More Cultural Moments
We learned recently that Ukrainians, when saying their email addresses, call the “@” sign “sobachka” which means little dog. We’ve read since (in the Int’l Herald Tribune which we were thrilled to find, along with a current WSJ, in Kiev) that many languages have come up with their own descriptive names for this symbol. In Czech it’s their word for “a herring wrapped around a pickle,” in Hebrew it’s “snail”, in Mandarin it’s “little mouse,” and in Thai it’s “wiggling worm.” Never thought about how someone who doesn’t speak English would have to come up with something to call this funny symbol with no meaning.

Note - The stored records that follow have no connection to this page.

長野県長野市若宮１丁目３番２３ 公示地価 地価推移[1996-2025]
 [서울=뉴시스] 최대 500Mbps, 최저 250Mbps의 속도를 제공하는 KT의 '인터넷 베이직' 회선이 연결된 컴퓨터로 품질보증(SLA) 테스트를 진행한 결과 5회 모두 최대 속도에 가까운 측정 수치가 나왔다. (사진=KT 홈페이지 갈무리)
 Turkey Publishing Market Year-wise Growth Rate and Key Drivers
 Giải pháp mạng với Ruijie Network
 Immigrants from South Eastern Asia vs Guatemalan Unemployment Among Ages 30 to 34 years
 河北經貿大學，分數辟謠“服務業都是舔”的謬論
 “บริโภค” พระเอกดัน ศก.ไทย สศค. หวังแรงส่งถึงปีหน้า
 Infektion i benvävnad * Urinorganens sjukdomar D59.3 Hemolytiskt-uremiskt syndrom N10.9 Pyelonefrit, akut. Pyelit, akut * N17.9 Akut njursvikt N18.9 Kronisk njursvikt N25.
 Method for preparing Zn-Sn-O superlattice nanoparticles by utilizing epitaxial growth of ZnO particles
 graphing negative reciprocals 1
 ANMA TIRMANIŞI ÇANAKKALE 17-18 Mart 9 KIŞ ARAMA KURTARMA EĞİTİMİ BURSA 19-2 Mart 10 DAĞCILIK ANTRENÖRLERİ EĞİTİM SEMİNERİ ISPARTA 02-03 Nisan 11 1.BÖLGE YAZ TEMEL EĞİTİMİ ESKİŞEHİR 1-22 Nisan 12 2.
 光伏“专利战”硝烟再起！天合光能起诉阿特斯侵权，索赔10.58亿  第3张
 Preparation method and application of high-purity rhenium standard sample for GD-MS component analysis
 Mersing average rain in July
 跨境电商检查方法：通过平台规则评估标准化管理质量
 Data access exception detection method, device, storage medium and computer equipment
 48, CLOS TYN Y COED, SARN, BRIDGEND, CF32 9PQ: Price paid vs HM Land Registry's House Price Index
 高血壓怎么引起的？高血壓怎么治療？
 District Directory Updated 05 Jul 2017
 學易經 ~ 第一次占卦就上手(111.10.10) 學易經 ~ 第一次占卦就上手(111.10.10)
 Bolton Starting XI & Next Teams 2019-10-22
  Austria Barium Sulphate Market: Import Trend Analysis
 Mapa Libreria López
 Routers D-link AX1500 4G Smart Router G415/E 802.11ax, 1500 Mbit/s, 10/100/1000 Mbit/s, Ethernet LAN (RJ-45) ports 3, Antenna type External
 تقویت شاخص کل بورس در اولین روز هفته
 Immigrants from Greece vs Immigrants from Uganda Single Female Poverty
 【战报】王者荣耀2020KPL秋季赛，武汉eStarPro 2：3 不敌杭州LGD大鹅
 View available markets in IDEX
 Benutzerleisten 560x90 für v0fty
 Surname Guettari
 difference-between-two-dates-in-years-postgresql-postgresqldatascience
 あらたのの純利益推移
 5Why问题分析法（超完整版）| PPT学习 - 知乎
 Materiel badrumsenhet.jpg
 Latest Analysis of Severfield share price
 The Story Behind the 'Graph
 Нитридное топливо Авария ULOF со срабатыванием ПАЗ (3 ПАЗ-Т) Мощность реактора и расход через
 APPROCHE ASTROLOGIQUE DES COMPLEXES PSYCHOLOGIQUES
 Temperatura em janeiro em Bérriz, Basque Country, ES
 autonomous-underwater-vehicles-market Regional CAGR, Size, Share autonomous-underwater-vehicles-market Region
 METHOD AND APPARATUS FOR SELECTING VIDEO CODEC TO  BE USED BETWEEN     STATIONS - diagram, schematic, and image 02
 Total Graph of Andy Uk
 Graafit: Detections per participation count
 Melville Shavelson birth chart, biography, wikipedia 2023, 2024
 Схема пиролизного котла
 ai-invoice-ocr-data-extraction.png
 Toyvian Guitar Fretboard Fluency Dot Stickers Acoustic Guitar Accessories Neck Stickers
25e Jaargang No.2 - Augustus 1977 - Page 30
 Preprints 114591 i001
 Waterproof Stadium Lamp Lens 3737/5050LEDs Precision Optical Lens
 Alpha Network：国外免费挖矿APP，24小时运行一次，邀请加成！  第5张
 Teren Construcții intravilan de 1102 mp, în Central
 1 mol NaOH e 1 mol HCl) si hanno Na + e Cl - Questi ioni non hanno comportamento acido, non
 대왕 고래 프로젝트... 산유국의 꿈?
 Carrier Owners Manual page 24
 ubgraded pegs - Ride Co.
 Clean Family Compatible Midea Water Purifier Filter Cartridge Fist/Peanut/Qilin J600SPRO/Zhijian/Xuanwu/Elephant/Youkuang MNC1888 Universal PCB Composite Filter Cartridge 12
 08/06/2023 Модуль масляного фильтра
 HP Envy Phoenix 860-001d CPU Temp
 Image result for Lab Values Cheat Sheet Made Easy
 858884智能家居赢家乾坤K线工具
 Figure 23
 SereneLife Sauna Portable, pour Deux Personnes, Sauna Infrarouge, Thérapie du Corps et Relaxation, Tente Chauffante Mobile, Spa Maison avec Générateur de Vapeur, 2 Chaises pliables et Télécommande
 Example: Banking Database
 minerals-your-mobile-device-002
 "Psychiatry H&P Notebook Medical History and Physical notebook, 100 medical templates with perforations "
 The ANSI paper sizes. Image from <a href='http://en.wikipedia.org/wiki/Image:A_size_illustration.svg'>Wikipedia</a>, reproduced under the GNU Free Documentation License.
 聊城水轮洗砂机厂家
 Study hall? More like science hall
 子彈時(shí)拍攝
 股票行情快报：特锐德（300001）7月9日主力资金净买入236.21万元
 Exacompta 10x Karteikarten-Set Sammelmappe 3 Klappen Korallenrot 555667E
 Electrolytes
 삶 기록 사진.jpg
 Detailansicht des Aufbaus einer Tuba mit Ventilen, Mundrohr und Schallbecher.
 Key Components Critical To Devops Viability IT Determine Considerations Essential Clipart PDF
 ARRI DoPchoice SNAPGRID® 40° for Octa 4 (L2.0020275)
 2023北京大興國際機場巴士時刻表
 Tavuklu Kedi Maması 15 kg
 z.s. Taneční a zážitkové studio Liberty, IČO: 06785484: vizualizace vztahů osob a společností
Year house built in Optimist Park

Speaking of dogs, there are many apparently feral dogs (and cats) that live on the streets here. What’s noteworthy is how calm and unthreatening they are, even when running in packs. Unlike the Central American experience of our son, whose knee-jerk reaction to seeing a stray dog now is to grab the nearest stick or rock in order to protect himself, these dogs are universally not problematic. Our theory is that they are so well cared for by locals, who seem to really love the dogs, that they’re rarely hungry. Our local host mom is an example. She keeps in her refrigerator a container for bones and other table scraps, which she regularly carries out to the fields near her apartment to give to the dogs. We even heard the mother of a young boy, who had dropped one of the pretzels he was eating at an outdoor play area, tell him to “leave it for the dogs.”
It is not unusual to see Ukrainians working in their gardens, whether at a more private dacha or in an open, more public plot on the outskirts of town, wearing only their undergarments. (Peace Corps volunteers have made jokes about “Speedo gardening”) It’s hot out there, and it’s just more comfortable.
News Flash
We are sad to report that, as of today, the one English-language TV channel we could get here, BBC World News, has just been replaced by…MTV-Ukraine! We could try to be grown up about this and say it will be better for our language study to have no English-language TV, but in fact we're quite disappointed. It's another opportunity for us to say to ourselves, "Remember, we're in the Peace Corps."